Adolphe Djasrabaye, Bamako, Mali

Armée de Damoclès

– Je suis un fidèle lecteur de Jeune Afrique depuis une vingtaine d’années. Je ne vous ai encore jamais envoyé une correspondance en guise de remarque ou de protestations (et Dieu sait si j’en avais envie). Mais à chaque fois que l’idée m’en effleurait l’esprit, je ne tardais pas à m’incliner devant la rigueur d’analyse et le sens du métier qui vous caractérisent. Si j’ai tenu cette fois à vous écrire, c’est pour attirer votre attention sur l’article intitulé « Une armée républicaine ? » (J.A. n° 4541), dont le contenu incite implicitement l’armée du Niger à faire « quelque chose » – si vous voyez ce que je veux dire – au sujet de l’entêtement, invraisemblable il est vrai, de Tandja à rester au pouvoir. Je peux me tromper, mais c’est l’impression que j’ai eue en le lisant. De toute façon, inciter une armée ou un peuple à prendre le pouvoir par la force, quelle qu’en soit la raison, apparaît indigne d’un journal comme Jeune Afrique.

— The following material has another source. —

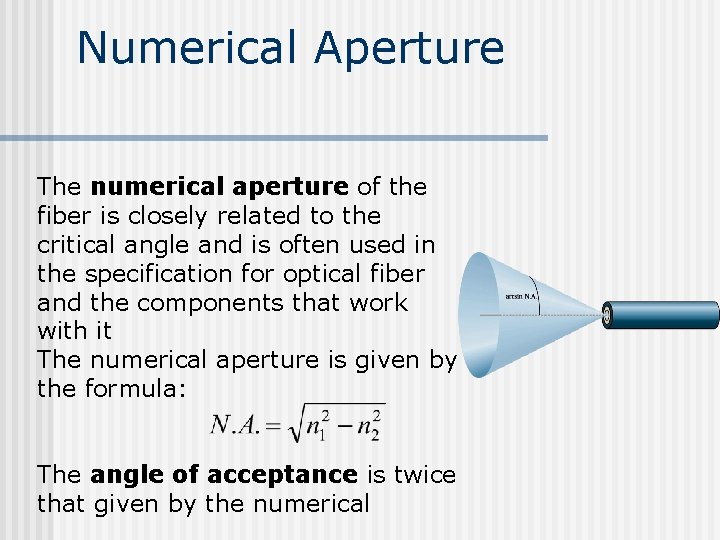 Numerical Aperture The numerical aperture of the fiber is closely related to the critical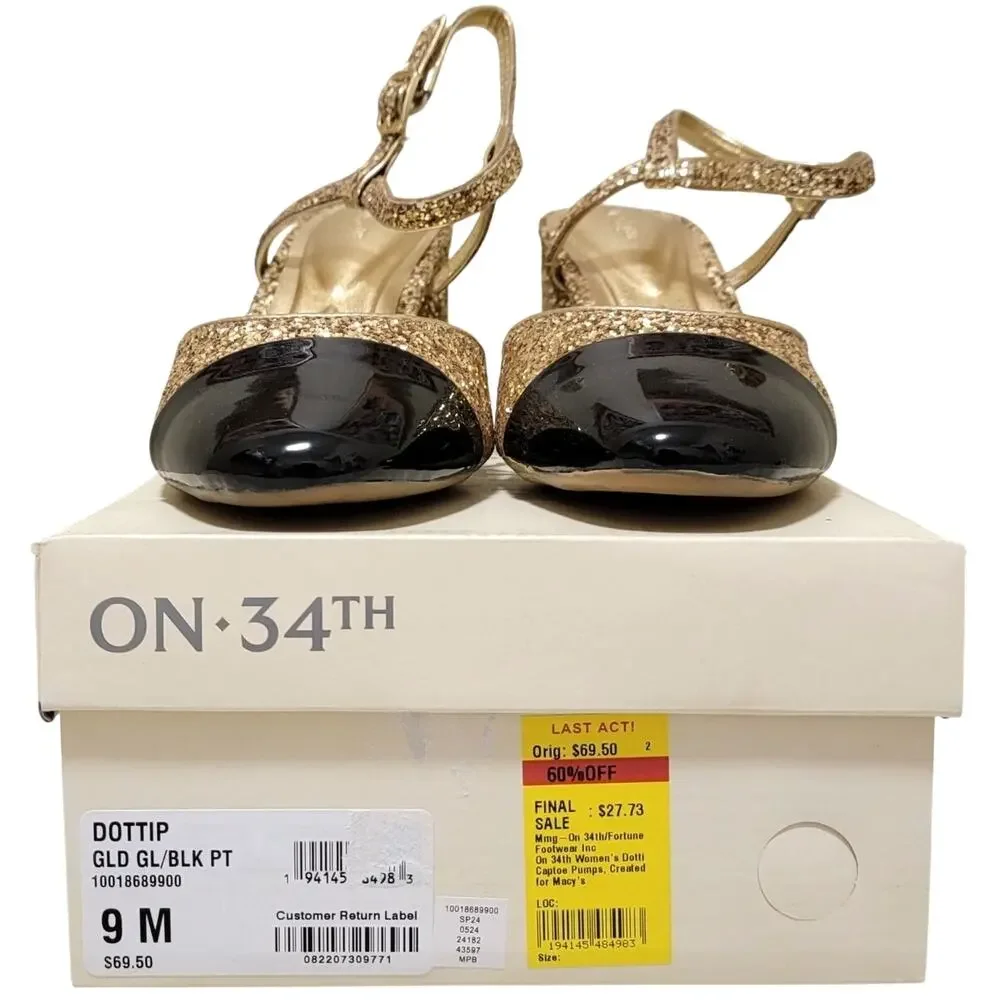 On 34th Women Dotti Cap Toe Ankle Strap Pump Heels Size US 9M Gold Glitter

Abdoullahi Oumarou, Bruxelles, Belgique

Réponse : À aucun moment dans l’article il n’a été question de suggérer à l’armée nigérienne d’intervenir dans le débat politique. Mais les interventions de ce type constituent – hélas – une réalité de notre continent. La rappeler n’est pas une forme d’encouragement et encore moins une bénédiction.